§ **EXERCISE INPUTS**
[Start of Attachment]

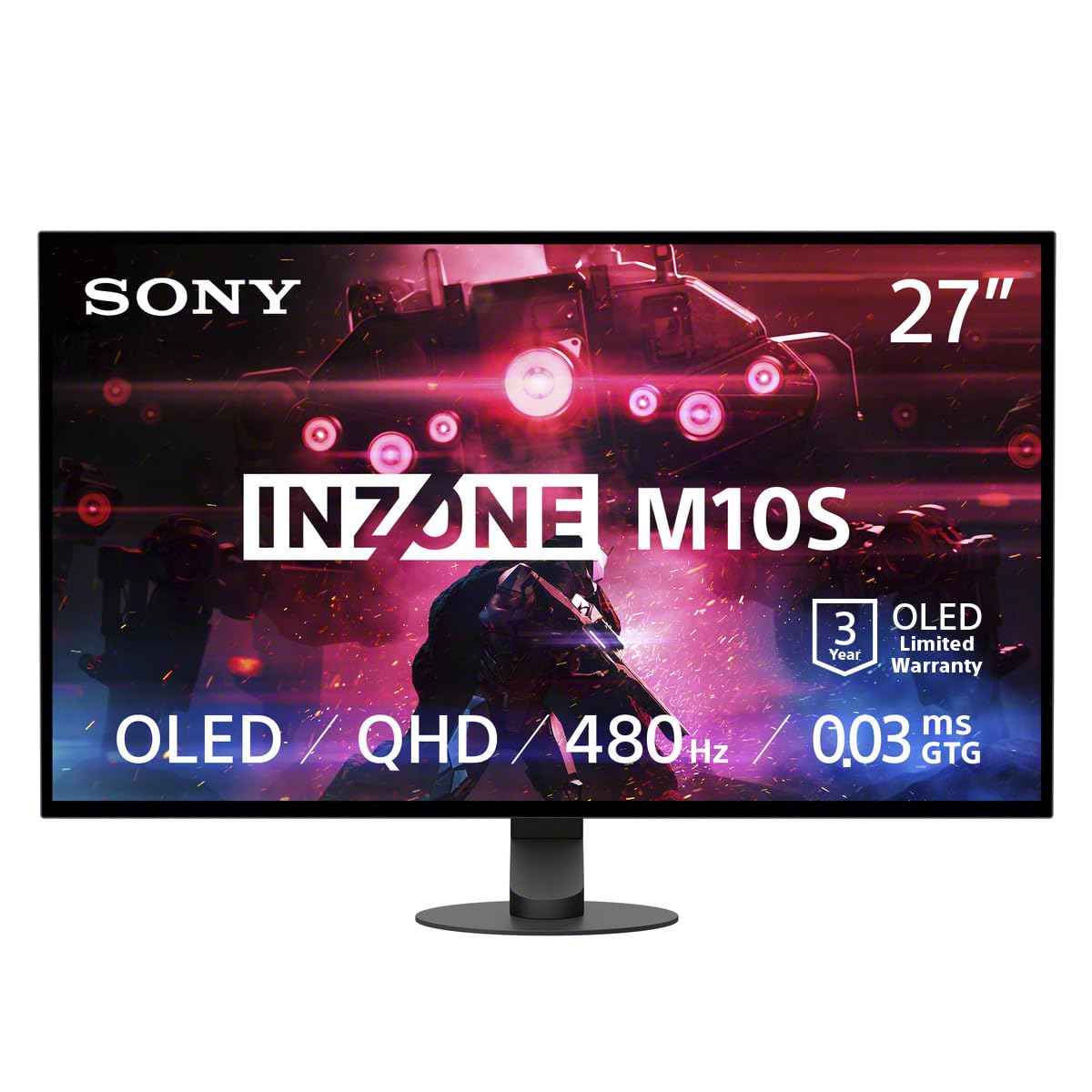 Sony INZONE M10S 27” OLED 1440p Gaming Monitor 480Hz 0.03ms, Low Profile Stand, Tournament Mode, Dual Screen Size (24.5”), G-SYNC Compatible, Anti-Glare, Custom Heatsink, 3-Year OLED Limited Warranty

[End of Attachment]
[Start of Attachment]

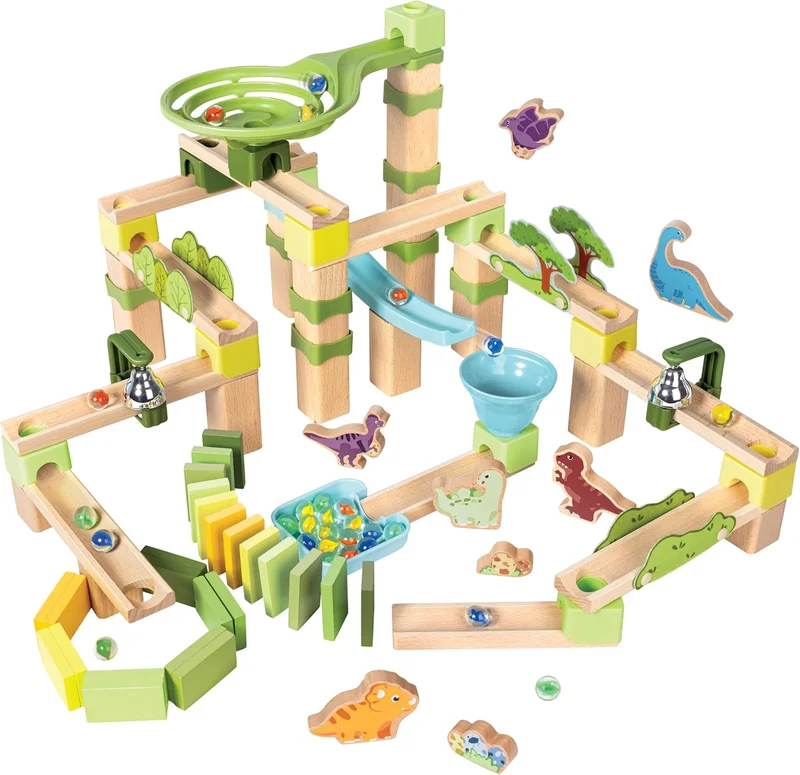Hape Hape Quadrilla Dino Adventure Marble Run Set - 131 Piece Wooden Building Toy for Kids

[End of Attachment]
[Start of Attachment]

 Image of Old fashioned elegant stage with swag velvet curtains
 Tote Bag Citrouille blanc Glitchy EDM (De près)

[End of Attachment]

§ **BRIEF**
All that belongs in your answer is the stretch of entries above from the line with "Image of Old" through the line with "Tote Bag Citrouille", printed exactly.

§ **ANSWER TO THIS EXERCISE**
 Image of Old fashioned elegant stage with swag velvet curtains
 Tote Bag Citrouille blanc Glitchy EDM (De près)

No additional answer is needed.